Start of Block

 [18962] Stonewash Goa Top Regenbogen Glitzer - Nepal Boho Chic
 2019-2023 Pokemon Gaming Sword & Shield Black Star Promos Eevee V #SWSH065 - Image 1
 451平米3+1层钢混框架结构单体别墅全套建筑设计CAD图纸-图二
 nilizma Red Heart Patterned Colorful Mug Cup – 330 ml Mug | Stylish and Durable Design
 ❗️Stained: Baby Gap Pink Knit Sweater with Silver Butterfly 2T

End of Block
Start of Block

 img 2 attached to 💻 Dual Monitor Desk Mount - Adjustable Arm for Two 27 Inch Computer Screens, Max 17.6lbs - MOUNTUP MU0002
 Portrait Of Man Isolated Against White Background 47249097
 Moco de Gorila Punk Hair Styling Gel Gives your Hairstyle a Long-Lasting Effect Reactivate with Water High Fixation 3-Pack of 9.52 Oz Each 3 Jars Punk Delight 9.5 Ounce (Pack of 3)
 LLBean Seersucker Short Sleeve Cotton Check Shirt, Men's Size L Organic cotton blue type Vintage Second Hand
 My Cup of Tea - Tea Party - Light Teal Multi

End of Block

**Work required**
Return only the stretch of the material above from the line holding "Moco de Gorila" through the line holding "My Cup of Tea - Tea Party - Light Teal Multi", copied exactly.

**Written answer**
 Moco de Gorila Punk Hair Styling Gel Gives your Hairstyle a Long-Lasting Effect Reactivate with Water High Fixation 3-Pack of 9.52 Oz Each 3 Jars Punk Delight 9.5 Ounce (Pack of 3)
 LLBean Seersucker Short Sleeve Cotton Check Shirt, Men's Size L Organic cotton blue type Vintage Second Hand
 My Cup of Tea - Tea Party - Light Teal Multi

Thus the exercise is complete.